> **What you should do**:
Although the records contain pictures, repeat only the text of every line exactly.

> **Material to process**:
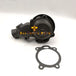 U5MW0108 Water Pump Kit With Gasket For Perkins 1004 4.236 Engine Replacement Parts-BeeSpareParts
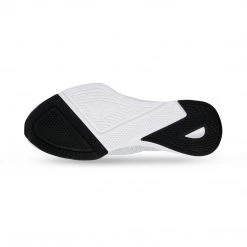 Puma Flyer Runner Engineered Knit SoftFoam+ Men's Running Shoes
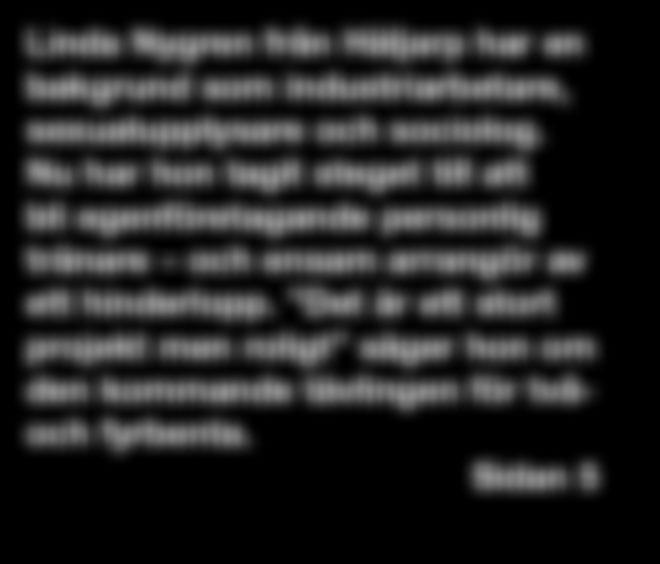 Vi har samlat en mngd olika singlar som har det gemensamma mlet att trffa en person att dela livets olika hndelser med. Registrera dig p Singelfrldrar Dejting Oskarshamn | Hitta krleken bland singelfrldrar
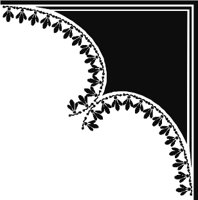 CRNRN152.WMF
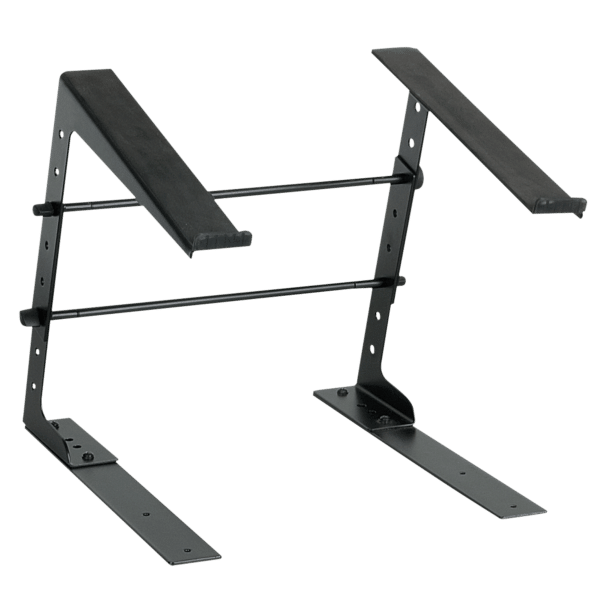 Laptop Stand - Onlinediscowinkel.nl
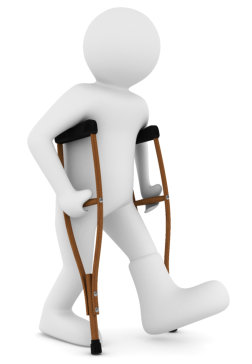 income protection insurance, disability insurance, sickness and accident cover, income replacement, work cover, term life insurance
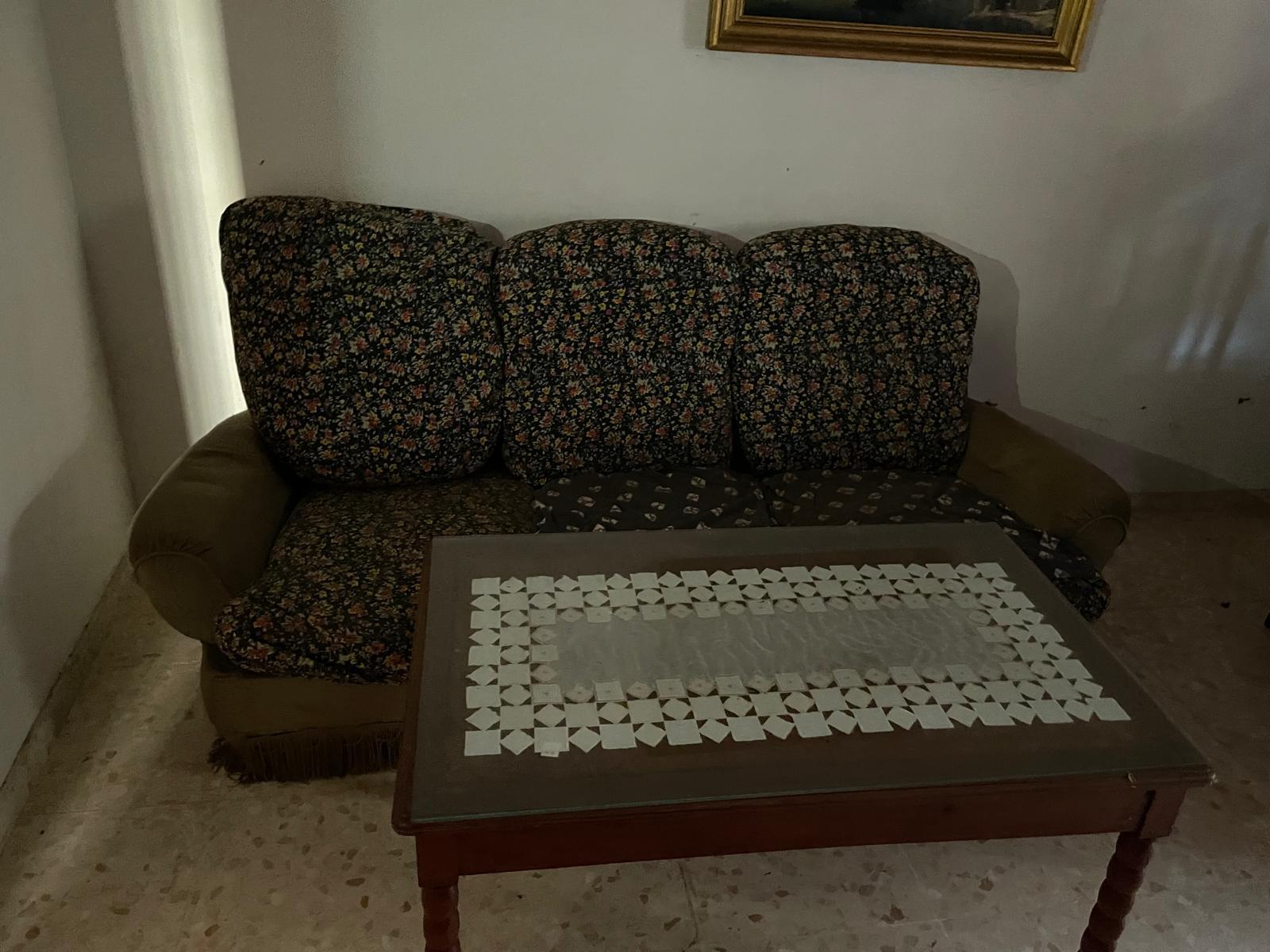 Imagen 13 Casa Aislada en venta en Bisbal Del Penedès La / En la urb el Esplai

> **Solution for this problem**:
 U5MW0108 Water Pump Kit With Gasket For Perkins 1004 4.236 Engine Replacement Parts-BeeSpareParts
 Puma Flyer Runner Engineered Knit SoftFoam+ Men's Running Shoes
 Vi har samlat en mngd olika singlar som har det gemensamma mlet att trffa en person att dela livets olika hndelser med. Registrera dig p Singelfrldrar Dejting Oskarshamn | Hitta krleken bland singelfrldrar
 CRNRN152.WMF
 Laptop Stand - Onlinediscowinkel.nl
 income protection insurance, disability insurance, sickness and accident cover, income replacement, work cover, term life insurance
 Imagen 13 Casa Aislada en venta en Bisbal Del Penedès La / En la urb el Esplai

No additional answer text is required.